There’s a saying that "leaders are readers," and at Byron Health Center, it’s reality.
Deb Lambert, the CEO, has a lot to do with that. As part of staff development, she has a leadership class of about 30 employees – including some Lambert calls "future leaders" – who read books about management and are challenged to apply the lessons learned.
Leadership discussions at Byron Health Center also include evaluating what’s urgent and what’s important. Employees on the leadership team talk about what tasks are filling their calendar and how much those tasks reflect the priorities for Byron Health Center, a long-term-care provider for adults with complex needs.
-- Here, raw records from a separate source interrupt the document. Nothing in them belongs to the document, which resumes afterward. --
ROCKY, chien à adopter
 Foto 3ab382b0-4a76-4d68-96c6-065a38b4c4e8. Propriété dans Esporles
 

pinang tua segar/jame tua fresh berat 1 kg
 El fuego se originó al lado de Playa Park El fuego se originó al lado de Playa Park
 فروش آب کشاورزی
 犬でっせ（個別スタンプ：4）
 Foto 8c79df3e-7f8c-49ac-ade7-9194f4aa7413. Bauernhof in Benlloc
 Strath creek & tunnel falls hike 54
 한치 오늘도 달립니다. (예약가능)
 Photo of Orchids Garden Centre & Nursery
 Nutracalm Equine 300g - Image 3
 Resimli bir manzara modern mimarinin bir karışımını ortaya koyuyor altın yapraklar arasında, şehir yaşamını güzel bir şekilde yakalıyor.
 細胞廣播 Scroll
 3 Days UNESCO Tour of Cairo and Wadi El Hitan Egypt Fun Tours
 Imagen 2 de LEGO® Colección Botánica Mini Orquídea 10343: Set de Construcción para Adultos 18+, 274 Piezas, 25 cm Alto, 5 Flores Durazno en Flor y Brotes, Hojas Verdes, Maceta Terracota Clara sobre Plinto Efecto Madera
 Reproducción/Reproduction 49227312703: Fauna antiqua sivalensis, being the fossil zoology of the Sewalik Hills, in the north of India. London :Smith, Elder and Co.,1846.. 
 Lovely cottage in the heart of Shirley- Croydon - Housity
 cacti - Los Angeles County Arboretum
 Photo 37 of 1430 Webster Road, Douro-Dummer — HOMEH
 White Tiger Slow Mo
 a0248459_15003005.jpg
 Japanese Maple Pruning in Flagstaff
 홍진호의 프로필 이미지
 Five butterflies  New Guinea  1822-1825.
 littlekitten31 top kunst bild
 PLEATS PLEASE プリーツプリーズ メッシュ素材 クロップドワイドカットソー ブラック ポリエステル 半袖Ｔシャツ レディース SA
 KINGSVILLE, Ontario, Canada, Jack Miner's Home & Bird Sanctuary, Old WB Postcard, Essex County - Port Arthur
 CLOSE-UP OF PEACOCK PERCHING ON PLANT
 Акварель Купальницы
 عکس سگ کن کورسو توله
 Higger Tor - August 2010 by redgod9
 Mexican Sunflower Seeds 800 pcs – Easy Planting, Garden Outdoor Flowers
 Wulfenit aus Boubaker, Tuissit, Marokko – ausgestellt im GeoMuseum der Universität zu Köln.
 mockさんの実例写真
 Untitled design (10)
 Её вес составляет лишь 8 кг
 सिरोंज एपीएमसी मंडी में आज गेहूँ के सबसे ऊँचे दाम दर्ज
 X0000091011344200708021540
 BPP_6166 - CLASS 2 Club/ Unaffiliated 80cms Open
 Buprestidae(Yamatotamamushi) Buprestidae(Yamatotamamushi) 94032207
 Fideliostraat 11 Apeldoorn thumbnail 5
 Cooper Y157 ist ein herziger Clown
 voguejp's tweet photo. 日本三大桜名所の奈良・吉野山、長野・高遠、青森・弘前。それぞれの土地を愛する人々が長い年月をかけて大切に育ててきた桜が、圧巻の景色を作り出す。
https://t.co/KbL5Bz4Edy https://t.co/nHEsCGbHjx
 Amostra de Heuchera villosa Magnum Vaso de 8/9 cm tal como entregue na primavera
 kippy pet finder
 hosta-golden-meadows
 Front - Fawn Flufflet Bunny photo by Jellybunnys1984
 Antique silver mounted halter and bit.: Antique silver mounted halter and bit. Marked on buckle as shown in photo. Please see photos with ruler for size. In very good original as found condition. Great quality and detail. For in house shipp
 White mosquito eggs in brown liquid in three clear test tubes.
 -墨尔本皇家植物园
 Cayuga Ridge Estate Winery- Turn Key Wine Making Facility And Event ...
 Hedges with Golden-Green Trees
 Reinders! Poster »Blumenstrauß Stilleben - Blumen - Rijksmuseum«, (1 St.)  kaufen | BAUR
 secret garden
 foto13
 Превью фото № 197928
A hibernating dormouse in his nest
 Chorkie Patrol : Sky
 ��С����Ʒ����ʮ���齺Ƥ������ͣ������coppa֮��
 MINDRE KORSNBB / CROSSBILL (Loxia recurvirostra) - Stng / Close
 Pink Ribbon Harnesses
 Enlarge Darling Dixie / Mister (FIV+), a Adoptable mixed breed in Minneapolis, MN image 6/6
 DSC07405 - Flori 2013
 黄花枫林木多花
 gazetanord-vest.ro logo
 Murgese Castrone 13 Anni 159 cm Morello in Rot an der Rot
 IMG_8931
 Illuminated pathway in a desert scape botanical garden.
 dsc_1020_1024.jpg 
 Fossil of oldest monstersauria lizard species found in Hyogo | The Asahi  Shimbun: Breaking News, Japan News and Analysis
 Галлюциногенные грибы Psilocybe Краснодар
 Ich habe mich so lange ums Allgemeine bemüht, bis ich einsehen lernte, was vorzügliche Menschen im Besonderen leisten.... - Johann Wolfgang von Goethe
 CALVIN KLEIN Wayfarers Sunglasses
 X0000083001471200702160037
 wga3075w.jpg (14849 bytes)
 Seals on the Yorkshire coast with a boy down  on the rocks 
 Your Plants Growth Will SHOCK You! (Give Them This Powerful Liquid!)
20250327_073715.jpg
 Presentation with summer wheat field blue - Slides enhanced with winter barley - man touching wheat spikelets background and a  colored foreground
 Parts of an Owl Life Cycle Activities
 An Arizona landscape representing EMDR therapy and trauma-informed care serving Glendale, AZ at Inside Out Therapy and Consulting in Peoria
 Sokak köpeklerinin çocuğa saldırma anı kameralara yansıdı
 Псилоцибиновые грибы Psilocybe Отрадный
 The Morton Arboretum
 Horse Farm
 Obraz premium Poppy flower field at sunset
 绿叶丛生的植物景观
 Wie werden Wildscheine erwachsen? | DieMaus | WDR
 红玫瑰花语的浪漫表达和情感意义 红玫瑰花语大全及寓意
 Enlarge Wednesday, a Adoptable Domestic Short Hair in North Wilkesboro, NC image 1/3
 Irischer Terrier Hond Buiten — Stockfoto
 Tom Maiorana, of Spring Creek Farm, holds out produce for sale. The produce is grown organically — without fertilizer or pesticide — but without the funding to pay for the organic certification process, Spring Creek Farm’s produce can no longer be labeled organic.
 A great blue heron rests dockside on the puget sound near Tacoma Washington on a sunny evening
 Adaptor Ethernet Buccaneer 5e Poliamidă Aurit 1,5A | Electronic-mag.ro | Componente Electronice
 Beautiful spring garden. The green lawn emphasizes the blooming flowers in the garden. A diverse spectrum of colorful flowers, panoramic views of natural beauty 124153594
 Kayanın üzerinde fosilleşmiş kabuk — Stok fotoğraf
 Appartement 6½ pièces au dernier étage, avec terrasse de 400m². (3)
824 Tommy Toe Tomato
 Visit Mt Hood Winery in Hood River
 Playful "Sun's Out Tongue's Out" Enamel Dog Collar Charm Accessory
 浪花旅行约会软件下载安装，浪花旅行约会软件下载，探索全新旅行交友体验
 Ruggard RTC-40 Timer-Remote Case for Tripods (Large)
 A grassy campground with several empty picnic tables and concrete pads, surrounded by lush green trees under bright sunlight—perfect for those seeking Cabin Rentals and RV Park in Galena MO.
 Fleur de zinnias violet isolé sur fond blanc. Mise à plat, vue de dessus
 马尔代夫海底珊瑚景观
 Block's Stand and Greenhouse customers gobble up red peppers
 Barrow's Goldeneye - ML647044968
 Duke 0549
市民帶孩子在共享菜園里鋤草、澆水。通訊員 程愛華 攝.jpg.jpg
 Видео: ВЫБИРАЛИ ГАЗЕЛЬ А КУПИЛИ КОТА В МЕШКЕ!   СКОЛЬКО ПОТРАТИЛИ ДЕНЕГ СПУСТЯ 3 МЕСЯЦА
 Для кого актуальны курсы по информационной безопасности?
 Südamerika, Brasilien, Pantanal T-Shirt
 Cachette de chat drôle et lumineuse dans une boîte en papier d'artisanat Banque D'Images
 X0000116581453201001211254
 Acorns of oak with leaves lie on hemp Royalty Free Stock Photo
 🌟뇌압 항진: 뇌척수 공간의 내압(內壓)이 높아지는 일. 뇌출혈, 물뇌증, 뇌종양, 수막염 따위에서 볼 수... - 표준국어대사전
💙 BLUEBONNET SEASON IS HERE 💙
Lambert’s strategy is to teach and empower her team. She likes it when decisions can be made at the level where the decisions will have the most impact.
"I really expect our leadership team to run their departments as a macrobusiness to the overall business," Lambert said in a telephone interview last week.
Many colleagues and peers like her style. Lambert won a statewide award for Outstanding Leadership Management at the Leading ;Age Indiana Spring Conference and Trade Show this month.
Seven others were nominated, said Susan Darwent, vice president of operations for LeadingAge Indiana. The Indianapolis organization represents about 200 facilities with at least 3,000 employees.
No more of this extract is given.